• What you will do: An image-free, exact copy of the records below is required.

• Supplied material:
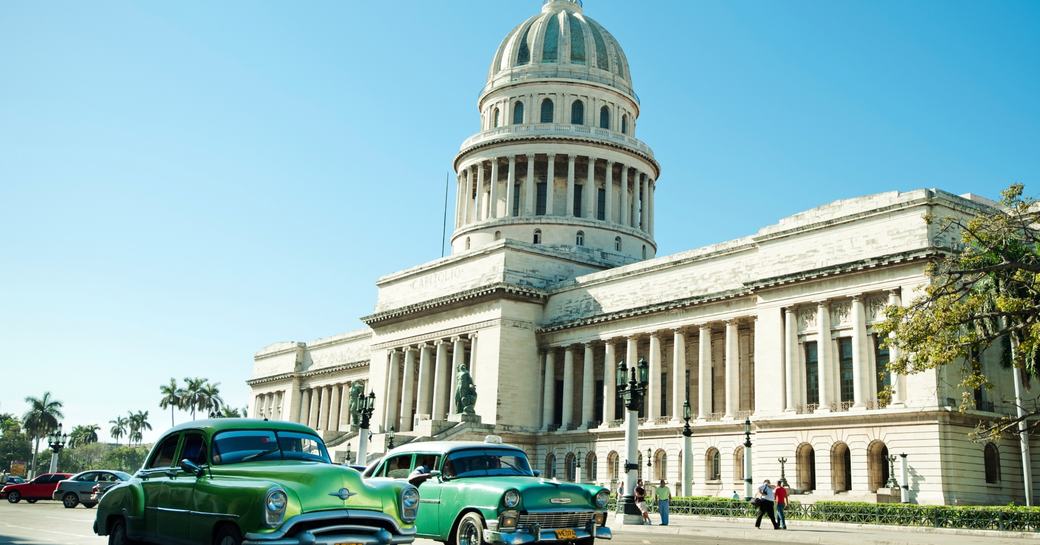 vintage cars cruise through the streets of Cuba lined with colonial architecture including the library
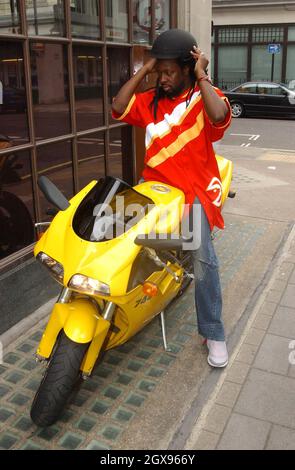 Wyclef Jean leaving Radio One before attending the Notting Hill Carnival, London.  Dreadlocks, motorbike. Â©Morrison/Huckle/allaction.co.uk  EXCLUSIVE PICTURES NOW GOING ALL ROUND  Stock Photo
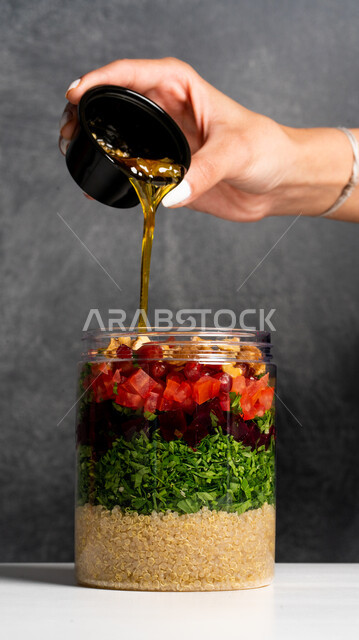 Vegetable salad dish and healthy dish, cold appetizers, healthy diet, tabbouleh salad, healthy diet meals, healthy food restaurants, gray background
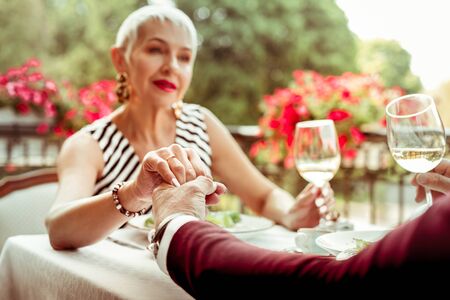 Wife and husband. Wife with bright pink lips touching hand of her supportive loving husbandの写真素材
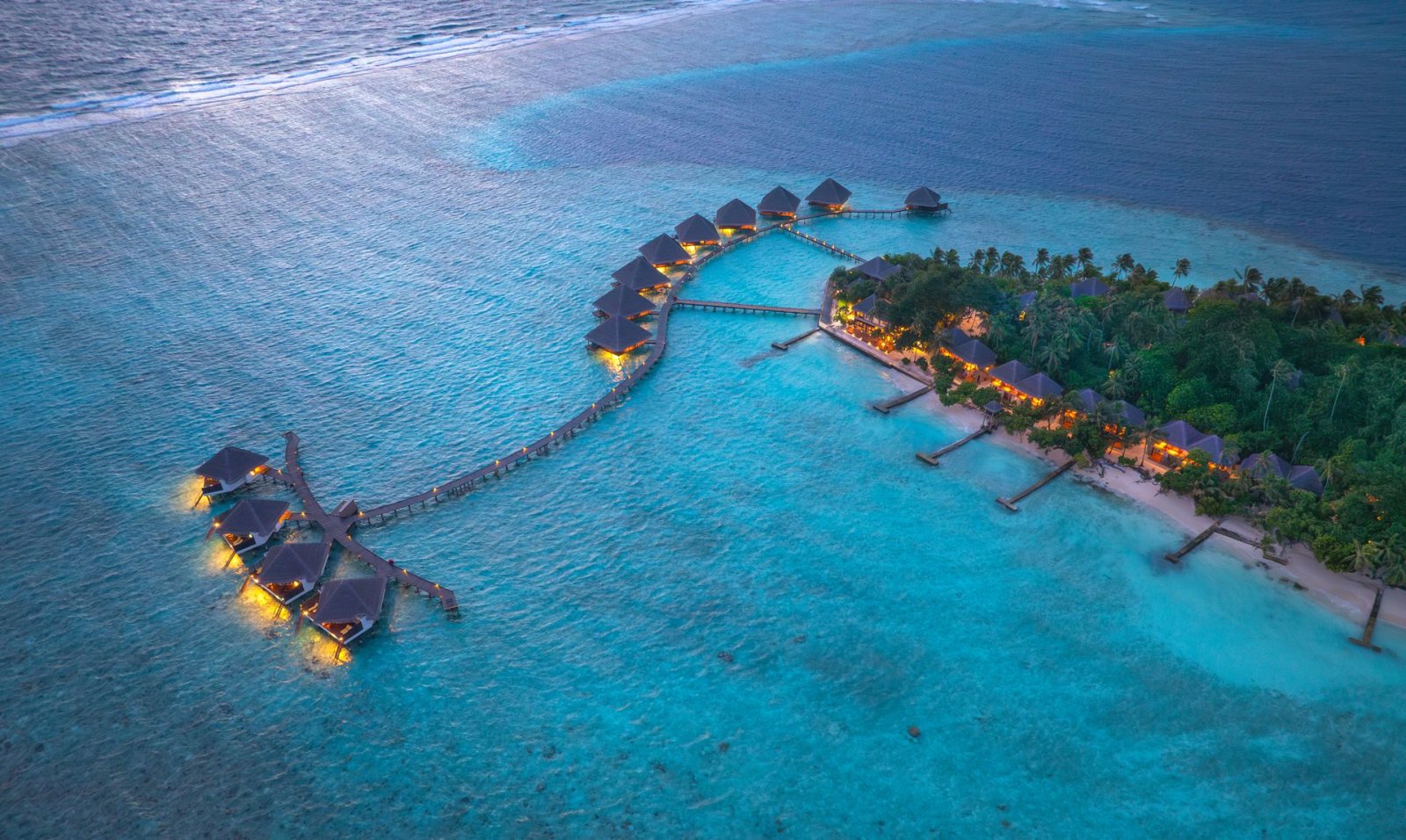 Aerial view of the island and jetty at dusk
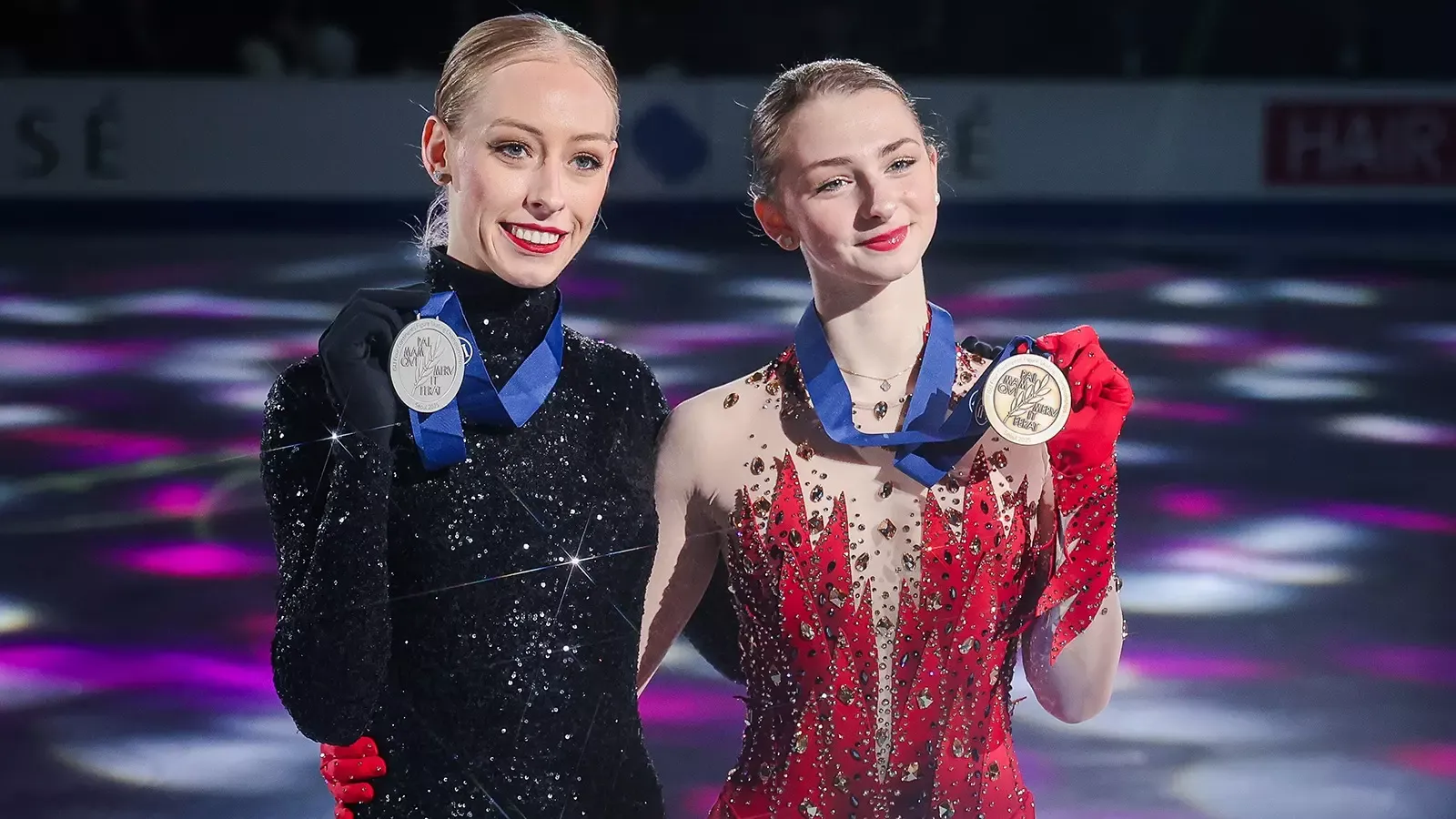 Bradie Tennell and Sarah Everhardt pose with their Four Continents medals, smiling at the camera with their arms around each others waist. Bradie (left) is a young woman with blonde hair tied back in a bun wearing a long sleeve black and sparkly skating costume. Sarah (right) is a young woman with blonde hair tied back in braids wearing a red skating costume designed to resemble feathers with matching red gloves.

• Answer below:
 vintage cars cruise through the streets of Cuba lined with colonial architecture including the library
 Wyclef Jean leaving Radio One before attending the Notting Hill Carnival, London.  Dreadlocks, motorbike. Â©Morrison/Huckle/allaction.co.uk  EXCLUSIVE PICTURES NOW GOING ALL ROUND  Stock Photo
 Vegetable salad dish and healthy dish, cold appetizers, healthy diet, tabbouleh salad, healthy diet meals, healthy food restaurants, gray background
 Wife and husband. Wife with bright pink lips touching hand of her supportive loving husbandの写真素材
 Aerial view of the island and jetty at dusk
 Bradie Tennell and Sarah Everhardt pose with their Four Continents medals, smiling at the camera with their arms around each others waist. Bradie (left) is a young woman with blonde hair tied back in a bun wearing a long sleeve black and sparkly skating costume. Sarah (right) is a young woman with blonde hair tied back in braids wearing a red skating costume designed to resemble feathers with matching red gloves.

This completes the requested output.